Sin dejar de mirar sus reflejos Helena responde.
– Lo de siempre, dos chocolates y un tamal.
Con un silencio cómplice las amigas se observan en el espejo. Observan con detenimiento el reflejo de dos mujeres jóvenes, altas, esbeltas. Llamativas en cualquier lugar y circunstancia. Dos mujeres de sonrisas fáciles y miradas desafiantes.
Recorren sus cabellos largos y luminosos, finos, suaves. La piel blanca, limpia. Libre de marcas, más allá de las que deja una buena sonrisa. De esas que son amplias y dejan ver los dientes. Sonrisas fuertes, que levanta las mejillas hasta el límite con los ojos. Sonrisas sonoras, sin vergüenza.
– Perdón, señoras. Voy a ponerles por aquí- Interrumpe un poco incomodo el mesero, que busca un espacio entre los brazos de Helena y María Teresa para dejar el pedido.
– Gracias, señor, gracias – Dice María Teresa sin voltearlo a mirar.
Sin despegar su mirada del espejo, Helena toma un trozo de almojábana y se lo lleva a la boca.

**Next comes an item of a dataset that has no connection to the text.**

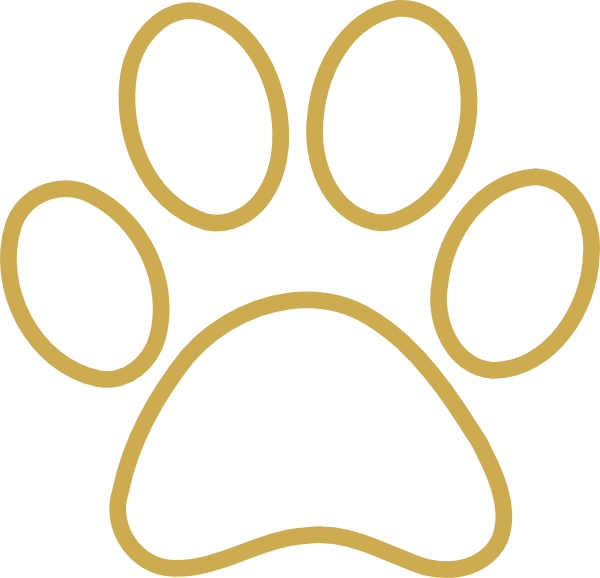 Orange Clipart Tiger Paw - Green (600x578)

Sigue con sus ojos cada uno de los movimientos para masticar.
Mientras tanto, María Teresa ubica el queso en su plato, lo corta en trocitos y los deja caer en la taza del chocolate. Con las dos manos la levanta a la altura de su nariz, huele, saborea, se mira.

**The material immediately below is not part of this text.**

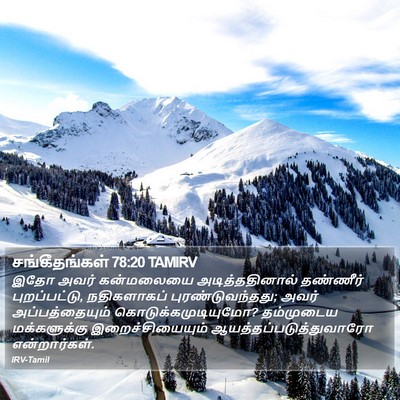 சங்கீதங்கள் 78:20 TAMIRV Bible Verse Image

Ese es el ritual, sentarse allí, arriba, y mirarse. Mirarse tanto como sea posible. Comer despacio, sin afán y mirarse. Oler el chocolate, partir en cubitos el queso, comerse por trozos la almojábana y mirarse. Compartir un tamal, aplastar la masa entre la lengua y el paladar, y mirarse.
Así, hasta que todo queda limpio y es hora de irse, hora de dejar de mirarse.
El mesero, que ha preguntado tres veces si ya puede retirar, por fin recibe el sí para llevarse las tazas y los platos.
María Teresa cierra los ojos. Para Helena es más difícil despegarse de su imagen. Parpadea. Extiende sus brazos y toma las manos de su amiga, les da un suave pero reconfortante apretón. Agacha su cabeza, cierra los ojos y los vuelve abrir.
Ambas se miran, ya no en el espejo.
– ¿Hasta el próximo 22? – Pregunta María Teresa tratando de encontrarse en las cataratas que cubren los ojos de Helena.
– Sí, Tere. Hasta el 22 – Hace una pausa y continúa –Vámonos que con estos trancones la ciudad es imposible.
Helena toma su bastón, se impulsa y se pone de pie. Con sus manos temblorosas, María Teresa toma el chall negro por las puntas y lo cruza en su pecho, mira hacía el primer piso y con la cabeza hace una señal.
– Yo no sé si la próxima vez vaya a poder subir… – Las palabras se le escabullen.
– Ya ahí viene Ramiro… él te ayuda a subir si acaso no puedes- la consuela Helena.
Despacio y con ayuda de Ramiro, el conductor de María Teresa, ambas mujeres bajan las escaleras, cruzan el primer piso, escabulléndose en silencio entre meseros, comensales y la fila de quienes van a pagar o comprar un postre.
Afuera, mientras Ramiro paga la cuenta, las mujeres se despiden de un abrazo. El viento frío que baja de los cerros pone a danzar sus cabellos, delgados, cortos y blancos. Se miran por última vez, cómplices. Saben que sus reflejos se quedan en ese lugar, eternos, estáticos, jóvenes. Como un recuerdo que no se puede borrar.